Provided material —
■ ■ ■ ■
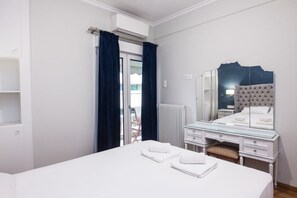 Apartment | 2 bedrooms, iron/ironing board, free WiFi - Brand new apt in Zografou (Zografos)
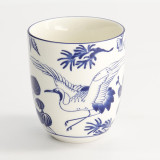Witte porseleinen kop versierd met een kraanvogel en blauwe bloemenmotieven Japanse stijl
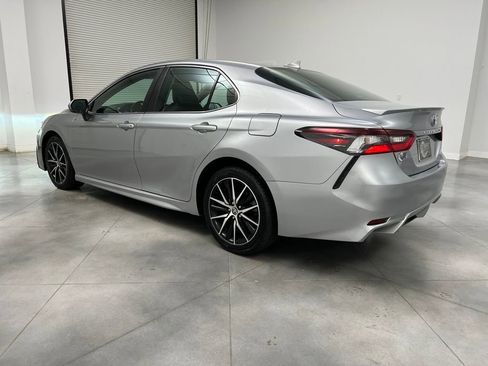 Used 2024 Toyota Camry SE image 5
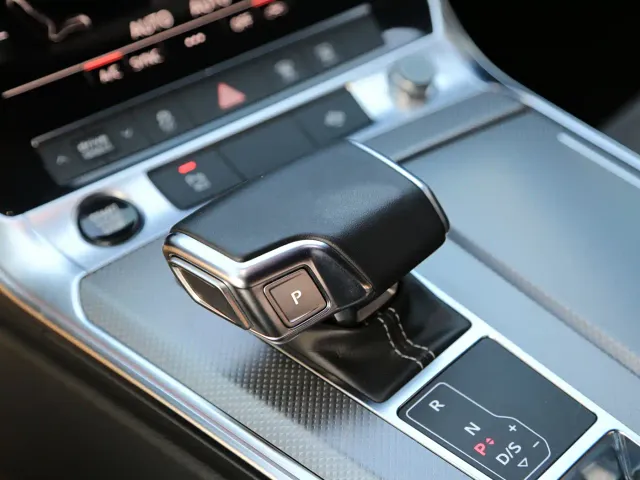 Audi A6L — Фото автомобиля 8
■ ■ ■ ■
Work required — Give the data above again exactly. Leave the pictures out.

Answer to this problem —
 Apartment | 2 bedrooms, iron/ironing board, free WiFi - Brand new apt in Zografou (Zografos)
Witte porseleinen kop versierd met een kraanvogel en blauwe bloemenmotieven Japanse stijl
 Used 2024 Toyota Camry SE image 5
 Audi A6L — Фото автомобиля 8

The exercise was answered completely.